▶ [WHAT YOU HAVE TO DO]: A faithful copy is required: retype the records from their first line through the line with "I'm going to show", and omit the pictures.

START RECORDS

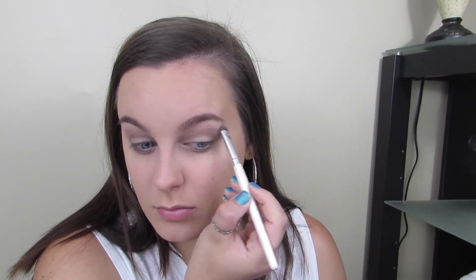For highlight I'm going to take this cream color from the palette and pop that on my brow bones and inner tear ducts. Then I'm going to take that deep brown color and run that on my lower lash line.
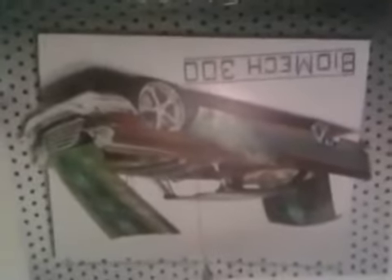Let me change this here because today is the first. I just got home a little while ago, so don't blame me. Let's see what the new picture is. Here's the new one for February — the Biomic 300. I remember when he built that. That's a crazy looking car.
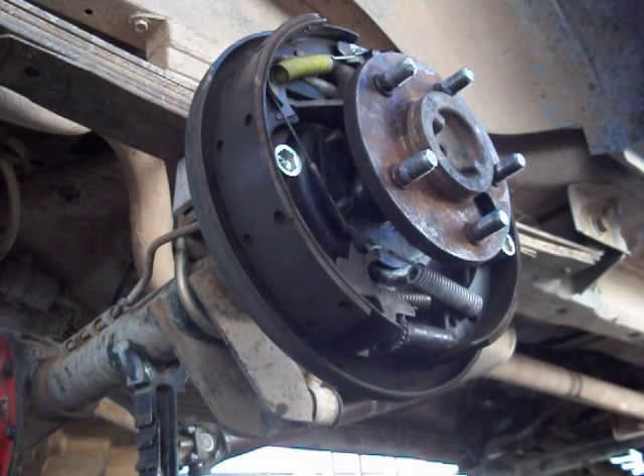I'm going to show you a quick rundown on how to do that. You can see I've got the back of the vehicle set up on jack stands with a drain pan underneath the rear where the brakes are. I've also got the drum off so everything's exposed.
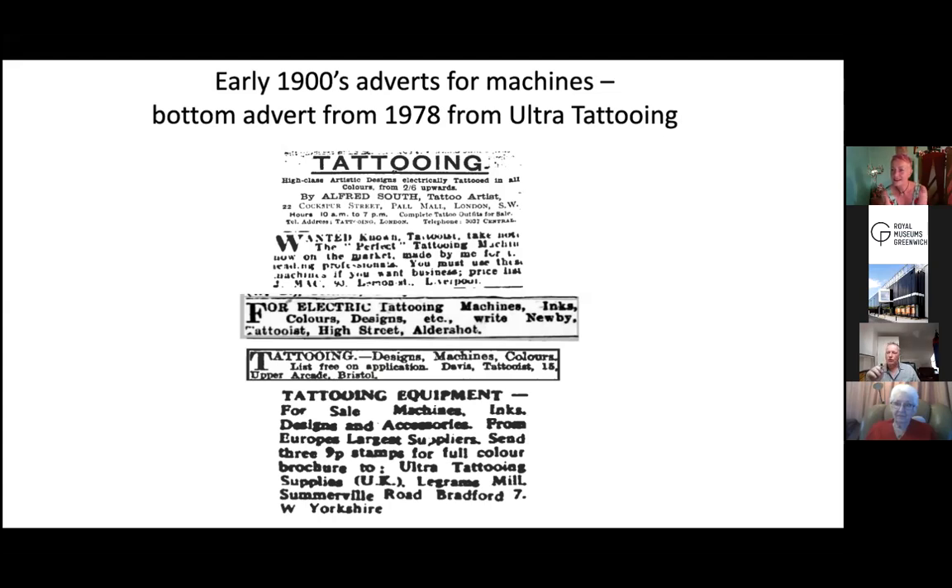You can trace tattooing's roots from New York to Britain, because sailors who were over in New York at that time would see electric tattooing for the very first time. Back then lots of tattoo artists also sold equipment, so if you were getting tattooed they would offer to sell you the equipment too. Lots of guys who went over in the 1890s — sailors especially — got the opportunity to get their hands on an electric tattoo machine and brought it back to this country, where others saw it and made their own based on the same design.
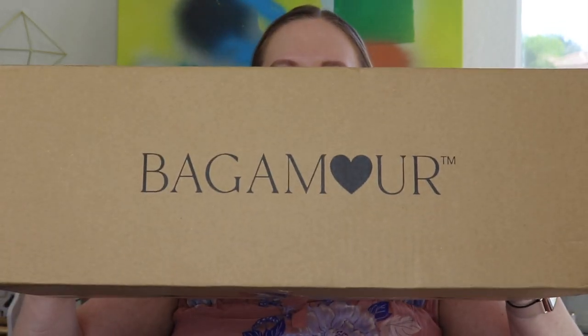Hi everyone, thanks for watching! I'm excited because we're opening up a brand new subscription to our channel. This box is huge — this is Bagamore, a seasonal handbag and accessory subscription. Before we get started on the unboxing, I just want to say hi and welcome if you are new here. My name is Kitty, I love subscription boxes and I open them every single day here on our channel, so if you love subscription boxes too, I'd absolutely love it if you subscribe.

END RECORDS

▶ [ANSWER FOR THIS EXERCISE]:
For highlight I'm going to take this cream color from the palette and pop that on my brow bones and inner tear ducts. Then I'm going to take that deep brown color and run that on my lower lash line.
Let me change this here because today is the first. I just got home a little while ago, so don't blame me. Let's see what the new picture is. Here's the new one for February — the Biomic 300. I remember when he built that. That's a crazy looking car.
I'm going to show you a quick rundown on how to do that. You can see I've got the back of the vehicle set up on jack stands with a drain pan underneath the rear where the brakes are. I've also got the drum off so everything's exposed.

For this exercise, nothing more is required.